Camera redirection aims to replay a dynamic scene from a single monocular video under a user-specified camera trajectory. However, large-angle redirection is inherently ill-posed: a monocular video captures only a narrow spatio-temporal view of a dynamic 3D scene, providing severely limited observations of the underlying 4D world. The key challenge is therefore to recover a complete and coherent representation from this limited input, with consistent geometry and motion. While recent diffusion-based methods achieve impressive visual generation quality, they often break down under large-angle viewpoint changes far from the original trajectory, where missing visual grounding leads to severe geometric ambiguity and temporal inconsistency. We present FreeOrbit4D, an effective training-free framework that tackles this ambiguity by recovering a foreground-complete 4D proxy as structural grounding for video generation. We obtain this proxy by decoupling foreground and background reconstructions: we unproject the monocular video into a static background and partial foreground point clouds in a unified global space, then use an object-centric multi-view diffusion model to synthesize multi-view images and reconstruct complete foreground point clouds in canonical object space. By aligning the canonical foreground point cloud to the global scene space via dense pixel-synchronized 3D-3D correspondences and projecting the foreground-complete 4D proxy onto target camera viewpoints, we provide geometric scaffolds that guide a conditional video diffusion model. Extensive experiments show that FreeOrbit4D produces more faithful and temporally coherent redirected videos under challenging large-angle trajectories, and our proxy further enables applications such as edit propagation and 4D data generation. Project page: https://freeorbit4d.vision.ischool.illinois.edu/

Editorial analysis

A structured set of objections, weighed in public.

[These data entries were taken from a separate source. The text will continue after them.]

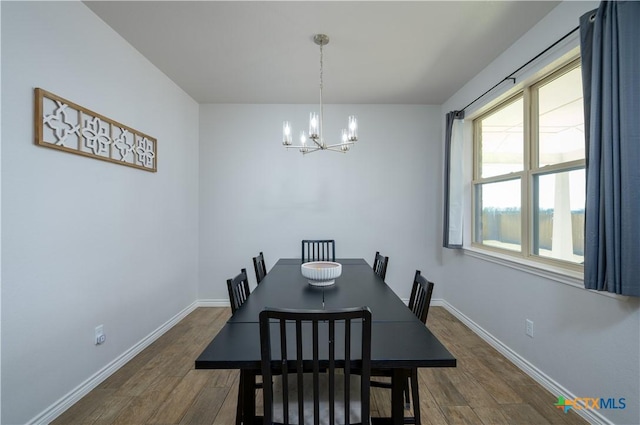 dining area featuring dark wood-style floors, baseboards, and a chandelier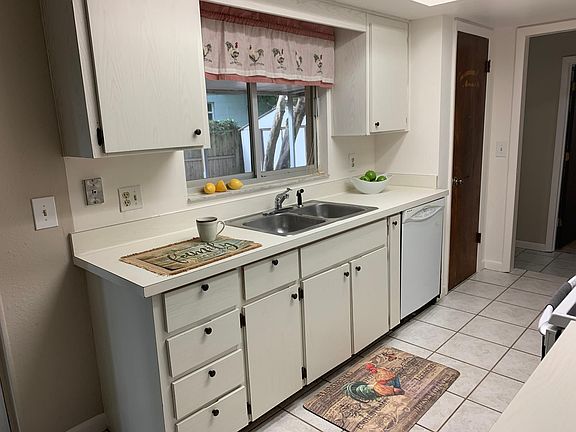 Dishwasher, pantry and window pass thru to patio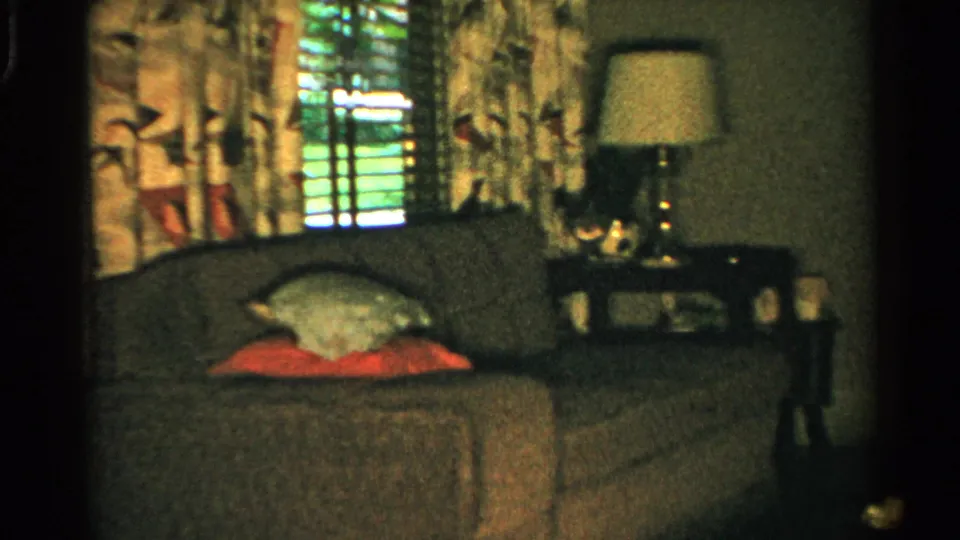 1952 Japan home-movie frame showing a couch with red and pale pillows near drapes, blinds, and a lit side table lamp.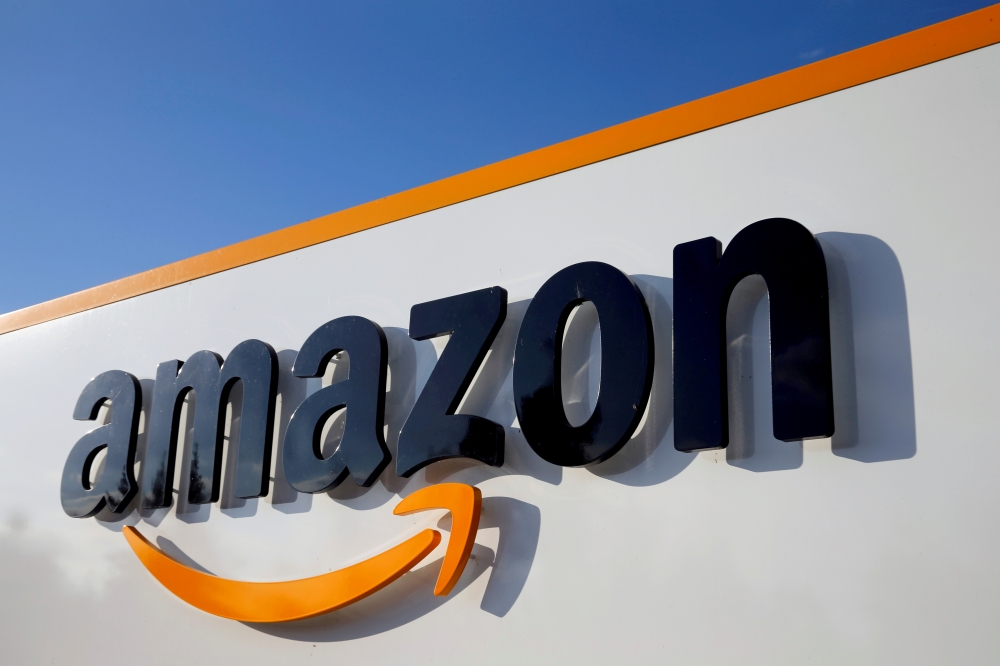 The logo of Amazon is seen at the company logistics centre in Boves, France, August 8, 2018. Reuters/Pascal Rossignol/File Photo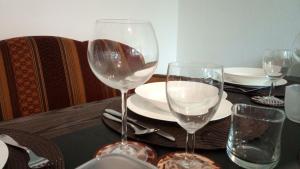 a table with two wine glasses and plates on it at Auszeit am Elbdeich in Sankt Margarethen in Sankt Margarethen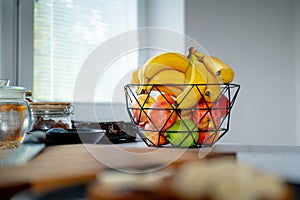 Pleasant sunlight accentuates a banana in a glass bowl on the kitchen counter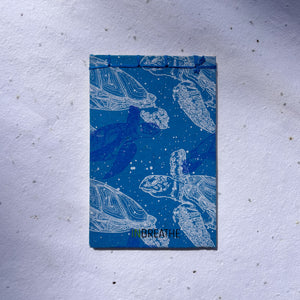 eco conscious handmade paper journal with turtle illustration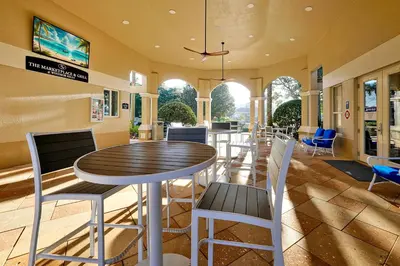 a dining room with a table and chairs at Whimsical Mouse Manor in Orlando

Desk editor's note, referee report, simulated authors' rebuttal, and a circularity audit. Tearing a paper down is the easy half of reading it; the pith above is the substance, this is the friction.

Referee Report

2 major / 2 minor

Summary. The manuscript presents FreeOrbit4D, a training-free framework for arbitrary camera redirection in monocular videos of dynamic scenes. It decouples foreground and background by unprojecting the input video into a static background and partial foreground point clouds in global space, employs an object-centric multi-view diffusion model to synthesize multi-view images and reconstruct a complete foreground point cloud in canonical object space, aligns the canonical foreground to global space via dense pixel-synchronized 3D-3D correspondences, and projects the resulting foreground-complete 4D proxy onto target camera viewpoints to supply geometric scaffolds that condition a video diffusion model for the redirected output. The work claims improved faithfulness and temporal coherence under large-angle trajectories compared to prior diffusion-based methods, plus utility for edit propagation and 4D data generation.

Significance. If the central claim holds, the result would be significant for computer vision and graphics: it provides an explicit, training-free geometric proxy to mitigate ambiguity in large-viewpoint video synthesis, which could improve reliability in applications such as novel-view video replay, virtual cinematography, and dynamic scene editing without dataset-specific fine-tuning.

major comments (2)
  1. The pipeline's load-bearing step is the object-centric multi-view diffusion model's ability to synthesize geometrically consistent multi-view images of the foreground from the narrow viewpoint range and motion present in a monocular video (described in the abstract and method overview). The manuscript provides no quantitative evaluation, error analysis, or ablation of reconstruction accuracy or viewpoint consistency for this completion step; if the synthesized views contain inconsistencies or hallucinations, the canonical point cloud, its alignment via 3D-3D correspondences, and the projected scaffolds will propagate errors directly into the final redirected video.
  2. Abstract: the claim of 'more faithful and temporally coherent redirected videos under challenging large-angle trajectories' is presented without reference to specific metrics, baseline comparisons, or failure-case analysis in the provided text. This makes it impossible to assess whether the 4D proxy actually resolves the geometric ambiguity that prior diffusion methods encounter.
minor comments (2)
  1. Clarify the exact form of the dense pixel-synchronized 3D-3D correspondences used for alignment (e.g., whether they are computed from optical flow, depth, or learned features) and how they handle dynamic foreground motion.
  2. The abstract mentions enabling 'edit propagation and 4D data generation' as applications of the proxy; a brief qualitative example or description of these uses would strengthen the contribution without requiring new experiments.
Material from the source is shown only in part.